Marina Square is viewed as the social centrepiece of Wentworth Point and an exemplar of mixed-use design and place making.
“Social wellbeing is a long-term challenge facing Sydney through the rapid growth of high-density development projects. Although we have been masterplanning Wentworth Point and its new bridge for more than a decade, it’s only been the last two years that have seen our client, Billbergia Developments, emboldened to apply nimble, just-in-time, thinking to elements that will ensure long-term social outcomes. This kind of organic, market-responsive design must augment long-term masterplanning. Flexible planning regulations, such as VPA’s, will be essential vehicles for realising successful outcomes.”
With the developer-funded Homebush Bay Bridge now almost complete, Wentworth Point is set to be part of a connected community, a more complex community, of almost 40,000 residents when joined with Rhodes Peninsula.

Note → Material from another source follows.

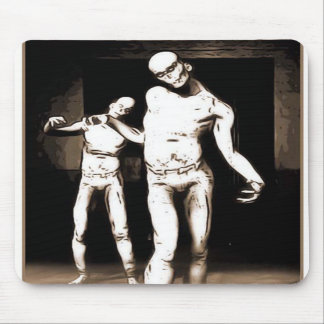 Gehendes totes Mousepad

The completion of the bridge in early 2016 evidences the power of supply-led urban design and place making. Belief in the development has soared with the construction of the bridge and the social interaction between two previously separate communities is now assured. The bridge’s completion, when only 30% of residential units on Billbergia’s site are finished, allows time for the emerging community to imagine future social outcomes and to participate actively in design decision-making for future stages such as its parks and open spaces.
Bob adds, “Wentworth Point is coming alive socially as it is being developed. Billbergia are thinking big and thinking early, on behalf of the people who will ultimately live in this central part of the connected communities of Rhodes and Wentworth Point.”